Re: [htdig] htdig update is checking ALL pages already in a DB

denis filipetti (
Fri, 05 Feb 1999 18:39:20 -0500

At 06:51 PM 2/4/99 -0400, Geoff Hutchison wrote:
>At 4:39 PM -0400 2/4/99, denis filipetti wrote:
>>limit_urls_to. Is that correct ? We will need to update any given page at
>Yes this is correct. It will read in all the URLs in the old database and
>use those as pages to check.
>>certain times for our users, in a DB that would be time consuming and
>>unnecessary to totally reindex. Is there any way that I can do that ?
>I'm not so sure it's "time consuming," but I guess it depends on how
>frequent you're talking about updating and how many URLs you have. Update
>digs for me, on 75,000 URLs take a total of about 35 min (including

Oppsss, the "time consuming" is in our product, which generates each and
every page.

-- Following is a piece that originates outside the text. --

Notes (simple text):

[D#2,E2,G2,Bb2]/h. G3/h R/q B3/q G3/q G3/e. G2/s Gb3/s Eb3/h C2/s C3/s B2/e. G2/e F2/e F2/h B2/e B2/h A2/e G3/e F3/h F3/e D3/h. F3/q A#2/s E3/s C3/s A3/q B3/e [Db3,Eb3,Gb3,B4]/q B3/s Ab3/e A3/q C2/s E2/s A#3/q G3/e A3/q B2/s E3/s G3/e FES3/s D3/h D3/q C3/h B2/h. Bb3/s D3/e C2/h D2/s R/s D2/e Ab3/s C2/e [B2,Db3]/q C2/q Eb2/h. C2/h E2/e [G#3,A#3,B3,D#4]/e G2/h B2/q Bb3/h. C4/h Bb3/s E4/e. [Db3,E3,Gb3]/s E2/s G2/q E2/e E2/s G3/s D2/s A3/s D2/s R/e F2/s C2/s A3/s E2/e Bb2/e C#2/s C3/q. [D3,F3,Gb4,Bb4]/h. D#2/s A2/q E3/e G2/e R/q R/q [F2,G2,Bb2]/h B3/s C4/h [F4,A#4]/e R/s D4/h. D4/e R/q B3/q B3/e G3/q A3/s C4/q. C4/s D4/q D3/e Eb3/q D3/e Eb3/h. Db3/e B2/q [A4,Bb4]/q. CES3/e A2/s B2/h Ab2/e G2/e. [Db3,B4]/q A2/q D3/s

We are actually quite happy with ht/dig functionality and speed.

This particular update process runs after a user updates a page (and while
s/he waits), this is the root of our concern.

>You can always try digging the certain pages with a separate config file
>and using the new merge feature (in the snapshots or the
>hopefully-soon-to-be-released 3.1.0) to merge that database into the main

I take it that the merge detects dup URLs and dumps the one that was dug
the longest ago ? Perhaps a dig-one-page/merge-to-full-DB would be the way
for us to go ?

Before you mentioned the new merge feature I was wondering if using the -a
feature of htdig might be a solution. I now suspect that htdigs actions are
basically the same with the exception that the existing DB is first copied
then treated as if this new (.work) DB was actually called out in the .conf
file. Have I got it on that one ?

> I can't promise anything as far as speed because it still has to check
>the databases...

As long as it doesn't hit the web server for anything but the single page
I'm willing to bet the performance would be fine.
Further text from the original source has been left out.